Becoming CFO of Actis-backed life sciences real estate platform, Rx Propellant, has moved Sandhya Sama into a strategic and intellectually challenging role – a shift she welcomes with open arms. Here, Sandhya explains why being direct in communications is important if you want be heard and why being open to learning from a variety of different people can help you get on in life.
Why did you join Rx Propellant?
“I could see the role would offer far more than an average CFO position. Here, I have a very strategic role and I am involved in the decision-making about how we grow the organisation. It’s a unique business in that it’s the first life sciences real estate platform in India. That means we don’t have past performance record or specific market data to go by, so we can really make a mark in this space and gain first-mover advantage. As a team, we have a lot of energy and entrepreneurial spirit, as we feel we need to prove ourselves and the concept as a means to deliver value. It’s also a great opportunity for me to have this position based out of Hyderabad.

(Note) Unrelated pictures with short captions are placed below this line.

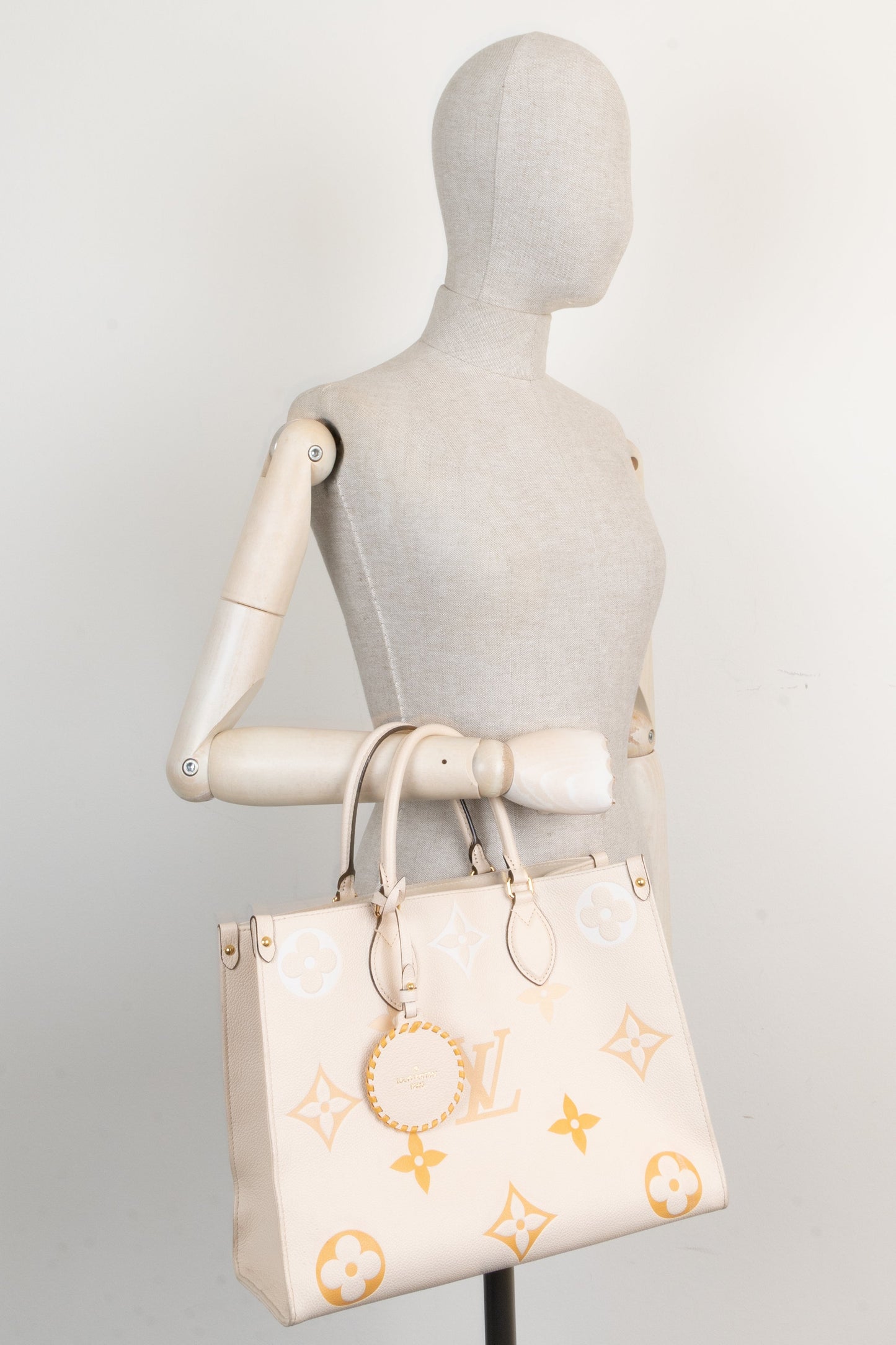 LOUIS VUITTON By The Pool OnTheGo MM Empreinte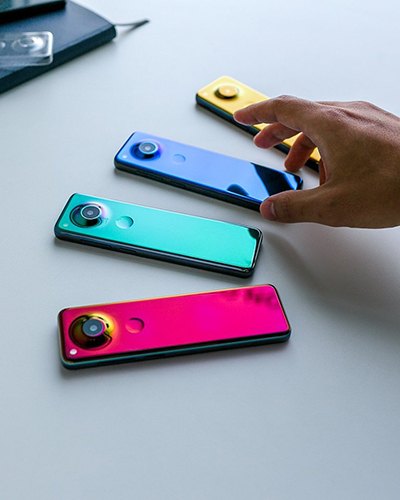 Создатель Android показал новый смартфон Essential. И он очень длинный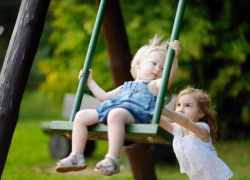 Администрация Геленджика потратит до 13,5 миллионов рублей на ремонт детской площадки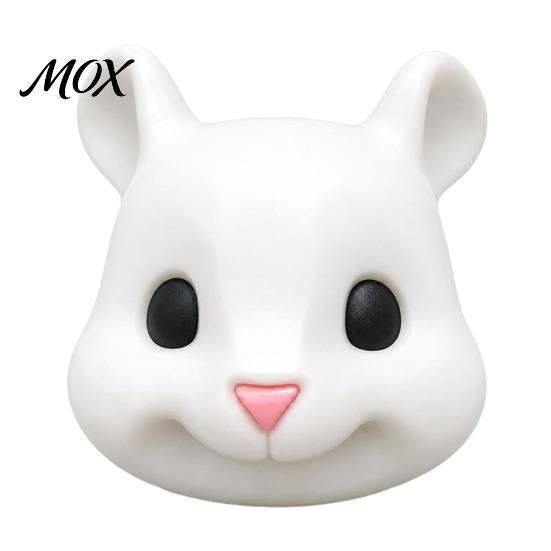 Wildlife Watching Accessory Funny Squirrel Head Feeder, Animal Face Design, Big Mask Style Hanging Novelty Outdoor Garden Feeder for Backyard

My role is intellectually challenging and solution oriented as opposed to a traditional bookkeeper. It’s great to be involved in areas such as fundraising, acquisition finance, M&A and business development as I feel I can add value. It’s quite different from previous roles where I have spent a lot of time in retail , manufacturing and agri industry., , but you have to work through these roles to learn the skills you need higher up in organisations.”
So how did you progress to this role?
“I started out as an auditor at PwC and EY accountancy firms – that’s a solid base for a career in finance and business. I then spent some time in an entity backed by Blackstone, and that exposed me to investor relations and helped me gain understanding of the wider business. There are only few multinational companies in Hyderabad, so working in private equity-backed companies is often a good place to learn about different business strategies, organisation building, sustainable processes and global financial reporting. In my past roles, as CFO and part of senior management, I was responsible for areas such as debt capital, structured funding, corporate governance, Board reporting, investor relations and helping management teams to understand the potential risk and return profiles of projects.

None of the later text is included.